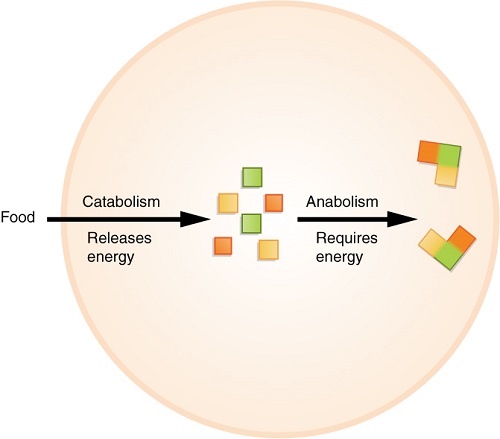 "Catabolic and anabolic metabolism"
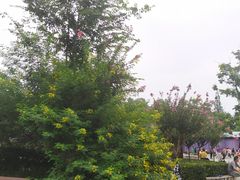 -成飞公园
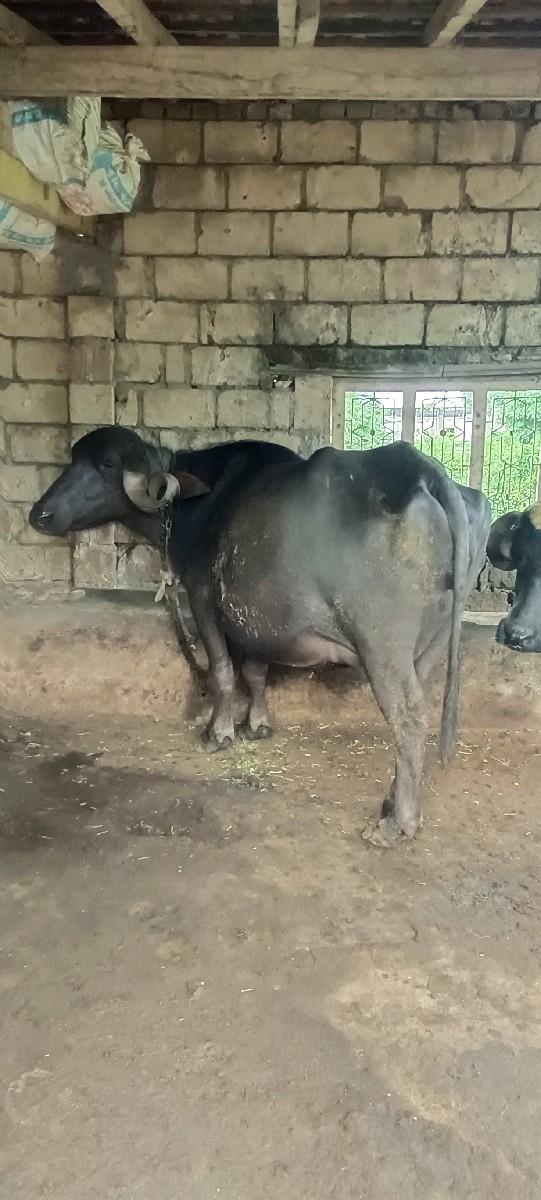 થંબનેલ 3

:::

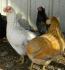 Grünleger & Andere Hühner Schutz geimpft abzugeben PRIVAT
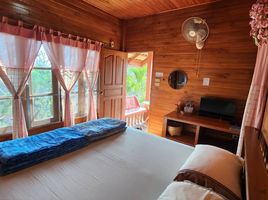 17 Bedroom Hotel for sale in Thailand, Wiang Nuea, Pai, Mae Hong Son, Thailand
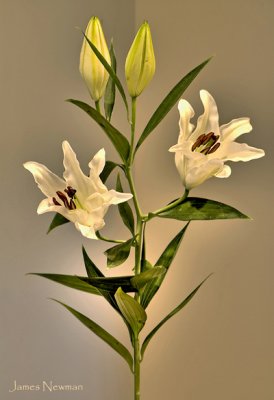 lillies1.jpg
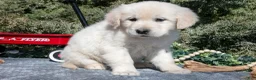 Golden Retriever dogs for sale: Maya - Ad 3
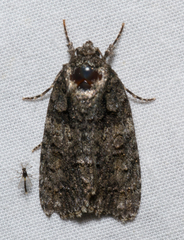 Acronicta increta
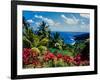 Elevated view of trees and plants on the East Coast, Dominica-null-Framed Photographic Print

:::

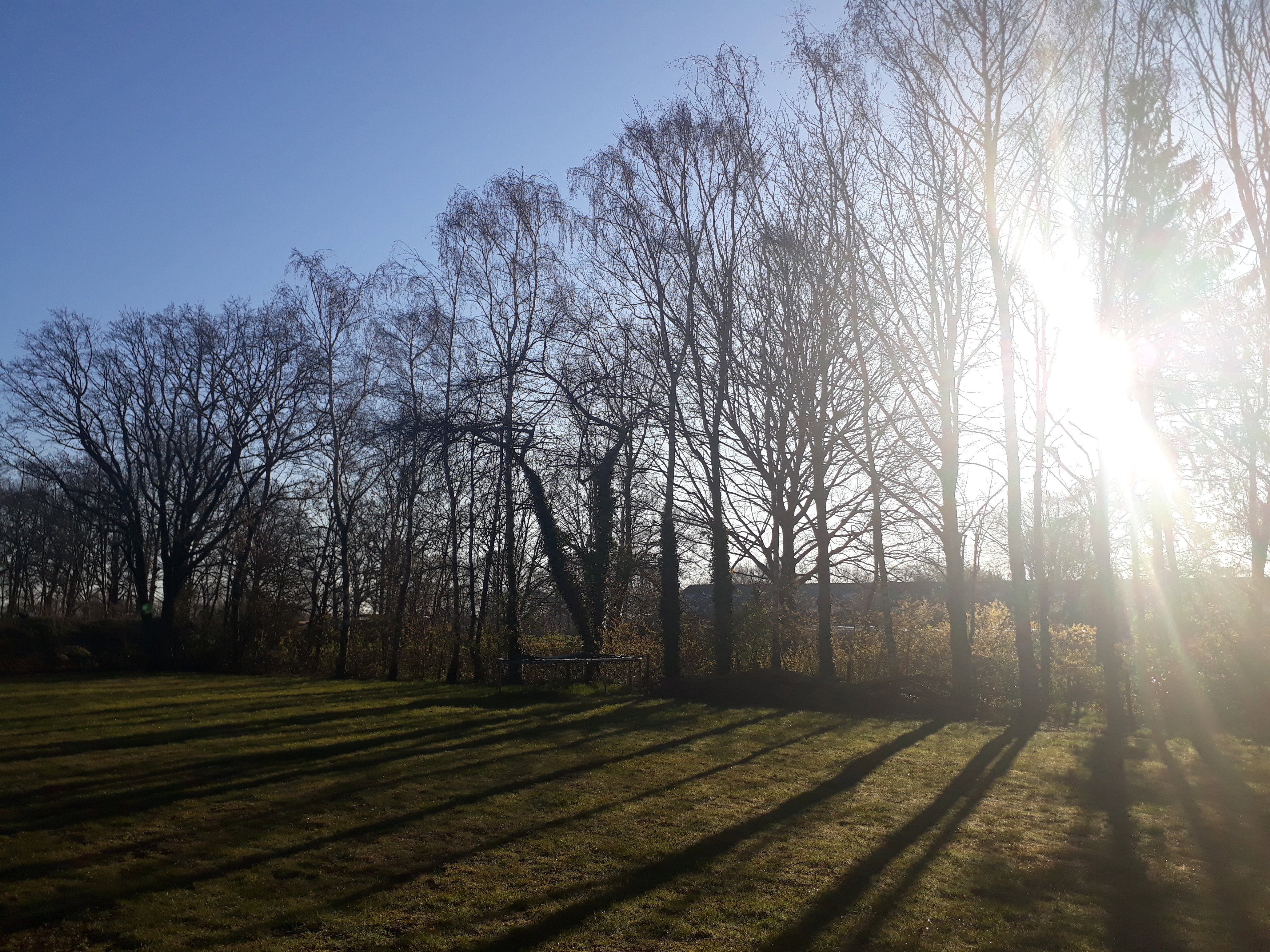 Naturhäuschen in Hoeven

:::

> _EXERCISE_
Your answer must be the lines above from the one holding "Acronicta increta" up to and including the one holding "Elevated view of", exact and with no pictures.

> _YOUR RESPONSE_
 Acronicta increta
 Elevated view of trees and plants on the East Coast, Dominica-null-Framed Photographic Print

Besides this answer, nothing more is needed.